Developed for teams of administrators, classroom teachers, and technology coaches, the facilitated, five-module program will be delivered online four times during the 2014-2015 school year. Working in collaboration with The Johns Hopkins University School of Education Center for Technology in Education, the academy offers a robust curriculum, aligned to the widely adopted ISTE Standards for learning, teaching and leading in the digital age.

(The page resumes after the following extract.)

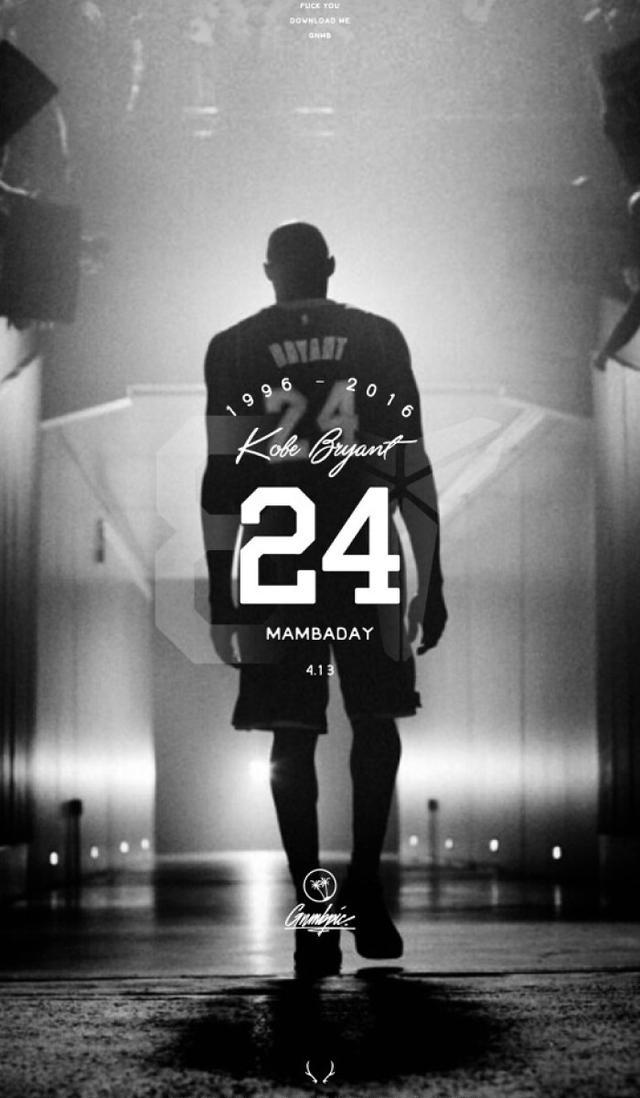 CBA战报：庞峥麟34分6板，江苏88-84险胜天津（CBA：庞峥麟砍下34分6板，江苏88-84力克天津）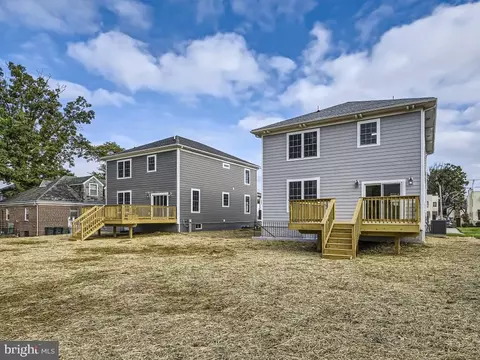 3603 Sequoia Ave, Baltimore, MD 21215 photo 33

The course begins with an overview of mobile learning and its real-life classroom implications, supported by hands-on activities designed to help participants gauge their school’s or district’s readiness to undertake a mobile learning initiative. After conducting a guided self-evaluation of each implementation site based on ISTE’s Essential Conditions, teams receive a presentation highlighting specific areas of strength and weakness. The course then offers a wealth of information, ideas, and in-depth activities to help answer crucial questions that emerge as the teams implement their mobile learning initiatives.

Each team also meets with an instructional consultant twice a month, and has the opportunity to work with other schools’ teams during three academy-wide synchronous online meetings. The academy offers 2.5 continuing education units from Johns Hopkins University.
The inaugural cohort of school teams participating in this exciting new program is nearing completion, and registration is now open for the next session, which begins January 12, 2015. Two other sessions will also be offered in 2015, starting July 20 and October 5. Interested teams can pre-register online.

Educators around the country recognize that providing their students with an engaging, motivating, and rigorous learning environment has the potential to put them on a path to success in school, college, and career. Just like a hospital wouldn’t risk patients’ lives by making a spontaneous change in the way surgery is performed, schools can’t make the switch to mobile learning without planning and providing professional learning opportunities.

Students’ lives can be positively changed forever when the transition to mobile learning is managed well. The VMLA was developed to help educators ensure that happens.

Wendy Drexler, Ph.D., is ISTE’s chief innovation officer, and responsible for the ISTE Standards, professional learning services, and the association’s thought leadership teams, including research and evaluation.